I am trying now to use the pgf compiler for the fortran sources files of MM5 and the gcc compiler for the c source files. I use the -g77libs flags which allows objects files created by gcc to be linked with object files created by pgf90.
It seems that the object files are created without any warnings, but later on (during the linking stage I think) I get some pointer warnings like the following:
drive.c: In function `yylook’:
drive.c:1593: warning: cast from pointer to integer of different sizedrive.c:1603: warning: cast from pointer to integer of different size
cc -c error.c
cc -c lexin.clexin.c:113: warning: initialization makes integer from pointer without a cast
Do you know if I need to use a different set of flags for compatibility between these two languages???
My compilation flags for pgf90 are;
FCFLAGS = -fast -Mcray=pointer -tp p7-64 -Mnoframe -DDEC_ALPHA -byteswapio -Mnosgimp -g77libs
and for gcc;
CPPFLAGS = -traditional -DMPI -Dlinux -DDEC_APLHA -DSYSTEM_CALL_OK
CFLAGS = -DMPI -I/opt/mpich/gnu/include -DDEC_ALPHA
It is helpfull to know that you have compiled and run MM5 despite these warnings. However, I get a segmentation fault when I run the program and I was sucpecting that these compilation warnings were related to this problem.
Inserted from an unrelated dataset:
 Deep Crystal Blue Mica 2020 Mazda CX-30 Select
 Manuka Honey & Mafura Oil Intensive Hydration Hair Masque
Could it be a missing compilation flag in my case??
Here is my configure.user file for the pgf90 and pgcc compilers.
Please let me know if see anything strange in that.
What is the OS? Is this RedHat/Fedora system? It is known that there is a stack size problem on those system. I see that you try with 7.0-7. Have you tried with our latest release?
Our cluster runs the Rocks 4.3 clustering suite which comes with Centos 4.5. I guess that you can say that Centos is variant of RedHat.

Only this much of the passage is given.